The decrease in international investments is followed by the undermining function of specific economic sectors. In assessing the most problematic economic sectors, it becomes apparent that some areas of production are not functioning well with poor regulation. For instance, the alcohol industry has always been the subject of law, and it has been debated as to how it may be reduced. However, when the reduction was implemented during the prohibition of alcohol in the US, government officials allegedly started profiting off of it in order to ensure self-gain (Bullok 250).
Therefore, the inequality was reinforced, and the economics suffered significantly, as one of the largest industries halted its production. Another example of political corruption affecting the economic sector is the lack of regulation in industries that are beneficial for people. There is an example of human organ sales that could be useful if legalized and well-regulated (Bullok 301). As people of power have the opportunity to change the system for the better but refuse to change it, there appears a possibility that personal gain is involved in a situation.
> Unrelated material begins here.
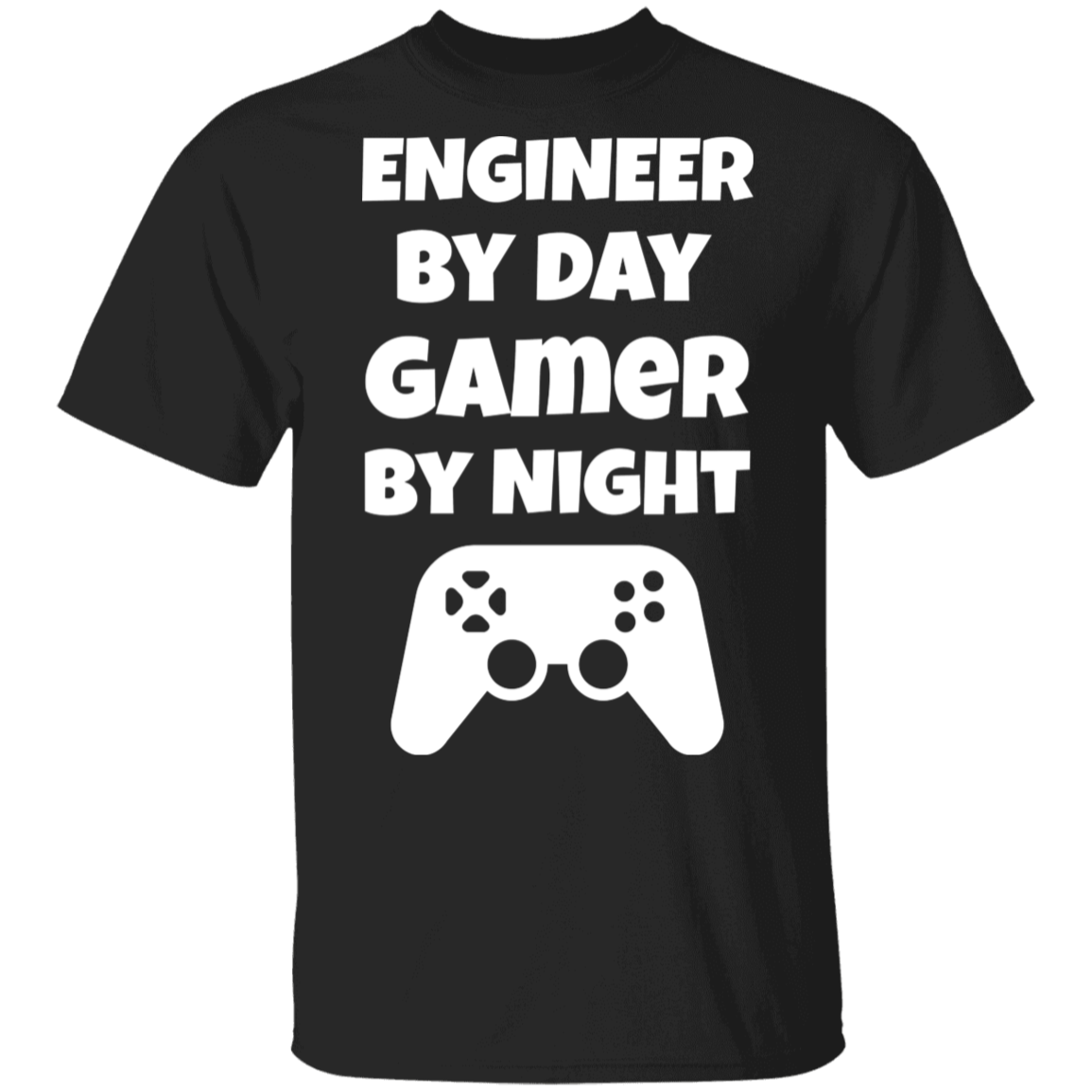 Engineer By Day Gamer By Night T-Shirt Secondary image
Although political corruption is a global issue and most countries suffer from it, studies show that governmental systems where corruption is not present demonstrate positive effects on economics. According to Cieslik and Goczek, the absence of corruption was found to significantly impact the growth rate in developed countries (329). The governments that remain not corrupted are more likely to gain investments from the outside of the country. International investors tend to finance the countries with lower corruption risk; therefore, countries with steady functioning tend to be richer than those without it. Both local and foreign investments are directly involved in the country’s economic system, which proves that the level of investments in the country is connected to the well-being of the community. Therefore, uncorrupted and transparent countries are prone to international financing; consequently, human resources, economic growth, and development are ensured.
However, there is a critique existing that not all countries where bribery is present follow the same pattern. Moreover, the studies on the effects of political corruption show mostly perceptions with the lack of the objective bribery prevalence. In other words, corruption may not be measured by specific numbers, and therefore, the aspects researched in the studies do not imply relatedness to real bribery. When focusing on the lack of investments from other countries that may poorly affect the economics, the way people see corruption is more important than objective measures. The importance of perception lies within the fact of investment decisions being made considering the corruption on the surface in the first place rather than the numbers. Therefore, in investment research, it is acceptable to consider subjective measures of corruption.
In conclusion, corruption in politics or any other sphere is a severe issue limiting economic growth, productivity, and foreign investments. Moreover, corruption in government is associated with inequality between government officials and ordinary citizens, which is proved historically. Corrupted countries do not attract foreign investors due to their unreliability and therefore tend to be less financed than the transparent developed countries. Developed countries report a low level of corruption and tend to be more reliable and financed from the outside. High corruption levels demonstrate the inability of a country to regulate economic sectors that are beneficial for the community. In contrast, the absence of corruption indicates the ensured economic growth and prosperity. Therefore, to control and improve economic growth, it is crucial to eliminate corruption in politics.
Works Cited
Bullock, Richard Harvey, et al. The Norton Field Guide to Writing with Readings and Handbook. 5th ed., W. W. Norton, 2019.
Cieslik, Andrzej, and Lukasz Goczek. “Control of Corruption, International Investment, and Economic Growth–Evidence from Panel Data.” World Development, vol. 103, no. 1, 2018, pp. 323-335.